Em seu lugarejo(não era uma cidade) que se constituída de algumas casas beirando a linha do trem e pequeno comércio: uma mercearia, farmácia, padaria e um bar para se jogar baralho e sinuca, nada se poderia esperar de progresso e melhoria financeira.
Havia também uma escola até o quarto ano, uma capelinha mínima, que mal daria uma dúzia de pessoas dentro, e um posto telefônico para a vizinhança usar, já que não se tinha nem luz elétrica e rede de esgoto, quem diria ter cabos para telefonia doméstica!
Evidentemente, em local afastado, também existia a casa das moças de "vida fácil"(acho esse termo francamente inadequado, já que a vida dessas mulheres nada tem de fácil, estando sujeitas à violência, doenças, etc e tal).

Dessa forma, a vida corria ali como se o tempo tivesse congelado e nada mudou por anos a fio...
Josué fugira de casa, mesmo sabendo-se herdeiro de uma grande e renomada fábrica de charutos da Bahia.
Sua mãe havia se entregado aos "encantos" do patrão.
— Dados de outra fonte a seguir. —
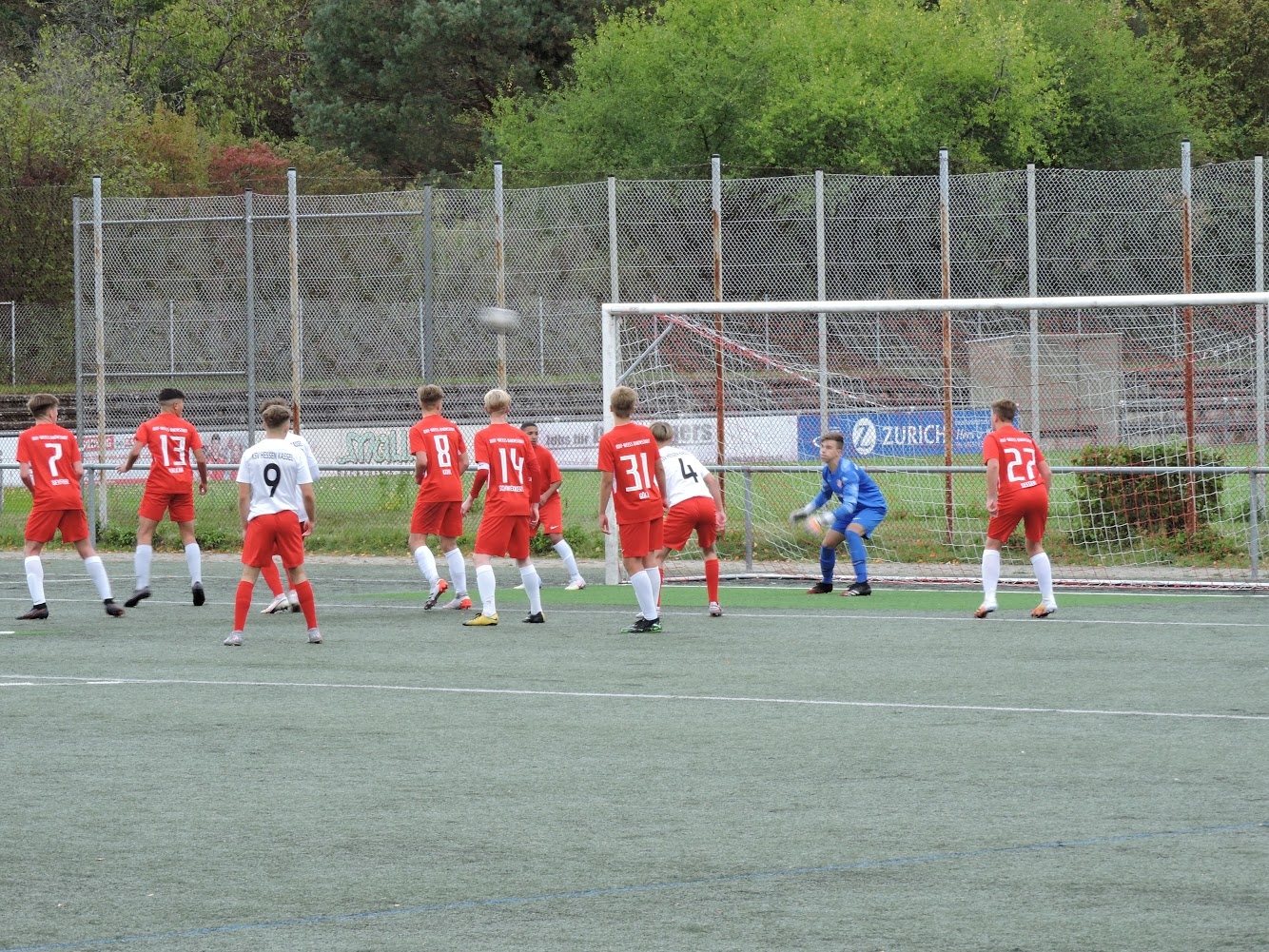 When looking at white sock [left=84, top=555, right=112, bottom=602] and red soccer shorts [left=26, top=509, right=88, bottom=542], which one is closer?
red soccer shorts [left=26, top=509, right=88, bottom=542]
Ficou grávida e se afastou dele. Ao saber que um filho desse relacionamento havia nascido, ele quis reconhecê-lo.
Ela porém, envergonhada por sua origem humilde e sabendo que a família rica do homem, jamais aceitaria que eles se casassem e registrasse a criança em seu nome, tinha se adiantado e registrado o menino como pai desconhecido, tendo apenas o 'Gonçalves' do sobrenome da mãe.
Mesmo sabendo disso, ele quis ajudá-la a criar o menino e os levou para perto da fábrica de charutos, o menino via o pai de vez em quando e começou a embrenhar-se pelas plantações de fumo, quando pegou um parasita no rosto, que o deixou dias com a face inchada e disforme.
Foi o suficiente para que sua mãe o levasse de volta ao lugarejo onde havia nascido.
Por falta de informação, ela temia que outras doenças contraísse, nas terras da fábrica ou que fosse um futuro tabagista...

O pai de Josué, só ficou sabendo dias depois que eles haviam se mudado dali... Estava viajando, quando tudo acontecera. Desanimado e resolvido a esquecer esse episódio de sua vida, casou-se com outra moça das relações de sua família e adotou um menino a quem colocou o mesmo nome do filho, que a vida fez-lhe escapar pelos dedos...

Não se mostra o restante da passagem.